Here are a few more examples that nail the balance:

  • The Pillars of the Earth by Ken Follett - Builds an entire cathedral in 12th-century England. The politics, the church corruption, the class struggles? All accurate. The master builder and his lover? Fictional, but feel real.
  • Homegoing by Yaa Gyasi - Follows two half-sisters and their descendants over 300 years, from Ghana to American slavery to 21st-century Harlem. Each chapter is a new generation. Each one is rooted in real historical shifts - the slave trade, Reconstruction, the Harlem Renaissance.
  • The Alice Network by Kate Quinn - Set during and after WWI, it tells the story of female spies who ran an underground network. The real Alice Dubois? A British spy. The fictional character who joins her? A wounded American nurse seeking justice. The mission? Based on actual operations.
Medieval stonemasons building a cathedral at dusk, a builder and a watching woman sharing a silent, meaningful glance.

Why This Genre Matters

Historical fiction doesn’t just entertain. It keeps memory alive. When textbooks summarize the Civil Rights Movement in three paragraphs, novels like The Help by Kathryn Stockett show you what it felt like to serve white families while your own child cried for you at home.

It lets us ask: What would I have done? Would I have spoken up? Hidden someone? Stayed silent? The past isn’t just something we study. It’s something we carry.

And that’s why the best historical fiction doesn’t end when you close the book. It lingers. It haunts. It changes how you see today.

What makes a story historical fiction and not just a novel set in the past?

A story is historical fiction when its plot, characters, and emotional core are fictional, but the setting, events, and social context are grounded in real history. It’s not enough to have old costumes or mention a war. The characters must be shaped by real historical forces - like laws, social norms, or major events - and their struggles must reflect how ordinary people actually lived. If the history is just background, it’s costume drama. If it’s the engine of the story, it’s historical fiction.

Can historical fiction change facts to make a better story?

Yes, but responsibly. Authors often invent characters, dialogue, or minor events to fill gaps in the record. But they shouldn’t distort major facts - like denying the Holocaust or inventing a peaceful resolution to slavery. The best historical fiction uses creative liberty to highlight truths that official records missed, not to rewrite them. Readers trust the story because they know the foundation is real.

Do I need to know the history before reading historical fiction?

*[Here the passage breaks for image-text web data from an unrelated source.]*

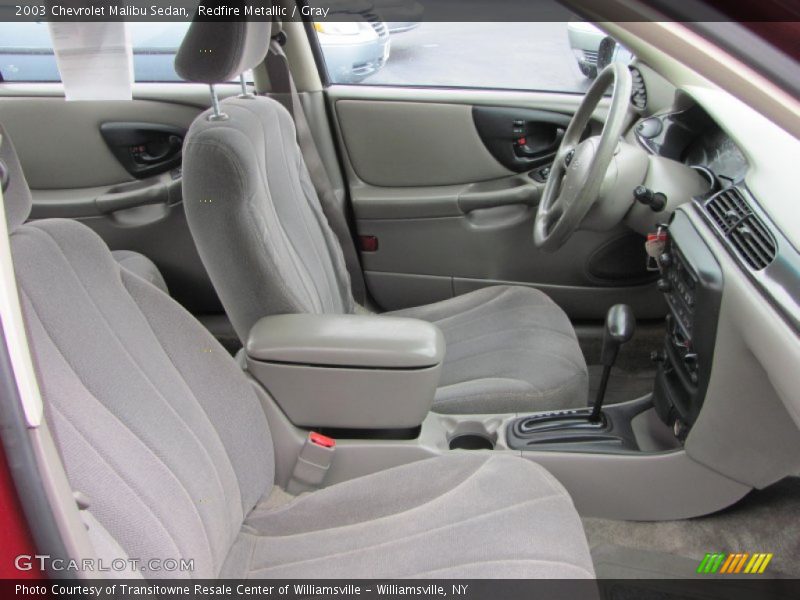 Redfire Metallic / Gray 2003 Chevrolet Malibu Sedan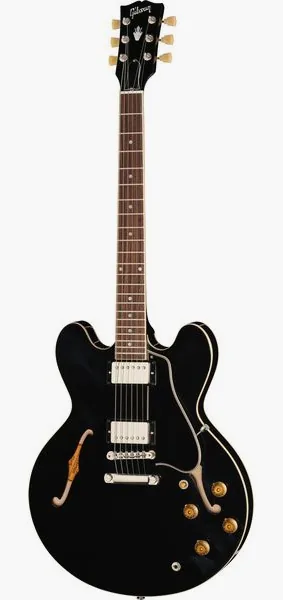 Gibson ES-335 50s Ebony edestä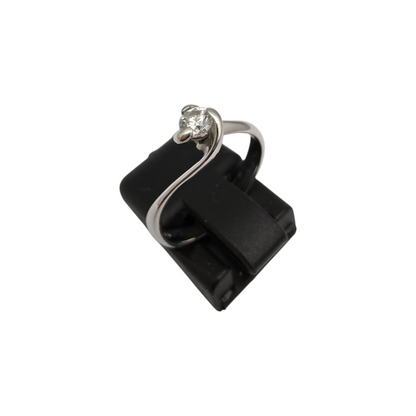 Diamantni prstan "AINO" 18K 750/1000+DIA; masa=1.97g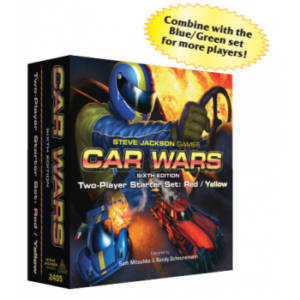Car Wars 6th Edition Two-Player Starter Set Red/Yellow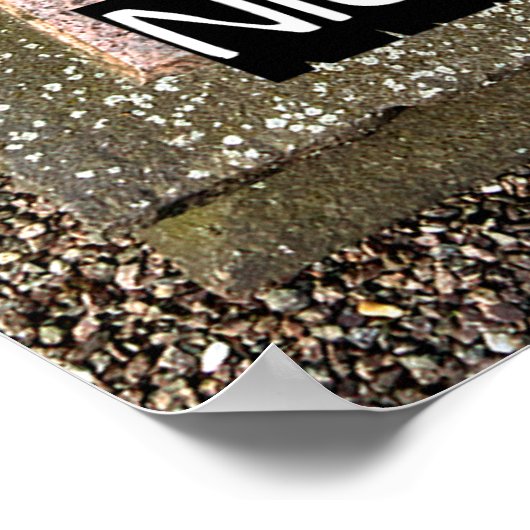 Nietzsche ist tot poster (Ecke)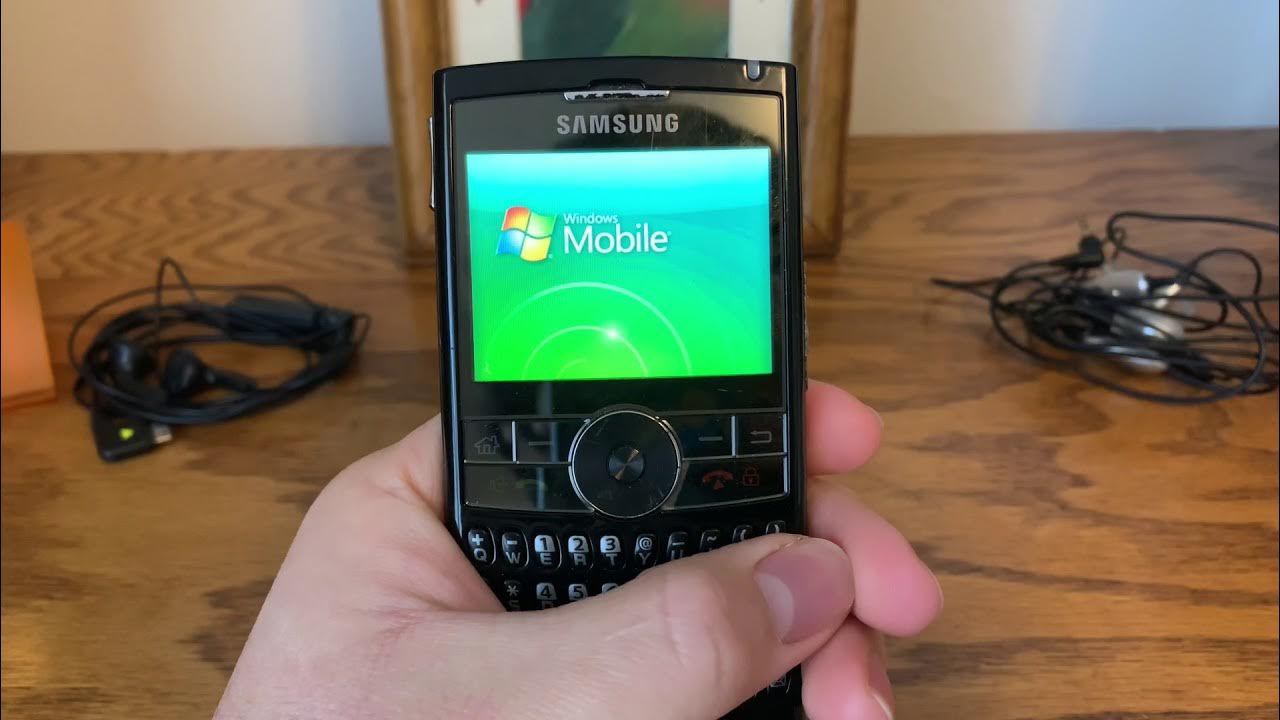 Samsung SGHi617 Blackjack II Startup and Shutdown (AT&T) YouTube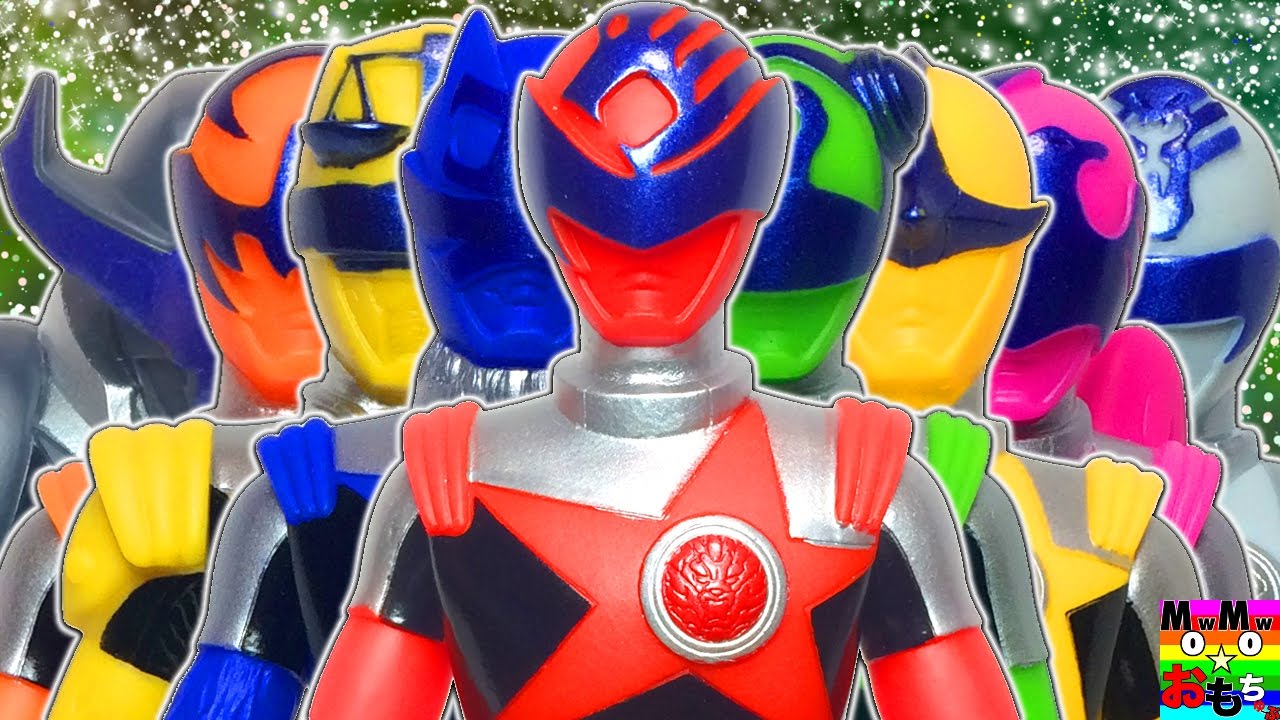宇宙戦隊キュウレンジャー キャラクターショー☆キュータマ 変身 戦いごっこ 恐竜 バトル★シシレッド しゅつどう前にアンパンマンコンビニでショッピング♪人形劇 おもちゃ アニメ 人気動画 連続再生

No. Good historical fiction teaches you as you read. You don’t need to know the Treaty of Verdun to enjoy The Pillars of the Earth. The story gives you context through character actions - a monk’s fear of famine, a lord’s greed for land. The history is woven into the drama, not dumped in footnotes. That’s why it works for readers who’ve never studied medieval Europe.

Are there historical fiction books that focus on non-Western history?

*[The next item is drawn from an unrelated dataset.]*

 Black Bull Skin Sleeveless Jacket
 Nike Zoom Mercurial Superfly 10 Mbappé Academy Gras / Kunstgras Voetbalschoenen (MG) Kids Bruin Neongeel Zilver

Absolutely. Homegoing by Yaa Gyasi traces African and African-American history from the 1700s to today. The Samurai’s Garden by Gail Tsukiyama explores Japan during the Sino-Japanese War. Under the Udala Trees by Chinelo Okparanta is set in post-civil war Nigeria. These stories don’t just add diversity - they center histories that Western literature often ignores.

Why do people say historical fiction is more emotional than nonfiction?

Because nonfiction tells you what happened. Historical fiction makes you feel what it was like to live it. A textbook says 6 million Jews were killed in the Holocaust. A novel like The Book Thief shows you a girl stealing bread to feed a hidden Jewish man, and then watching him die in her arms. One gives you data. The other gives you grief you can’t forget.

Where to Go Next

If you loved The Nightingale, try The Alice Network or The Shadow Land by Elizabeth Kostova - set in communist-era Bulgaria. If you want something quieter, The Gown by Jennifer Robson follows seamstresses stitching Princess Elizabeth’s wedding dress in 1947. Both are deeply researched, emotionally raw, and impossible to put down.

Historical fiction doesn’t just show you the past. It shows you the people who lived it - messy, brave, scared, and alive. And that’s why, centuries later, we still need these stories.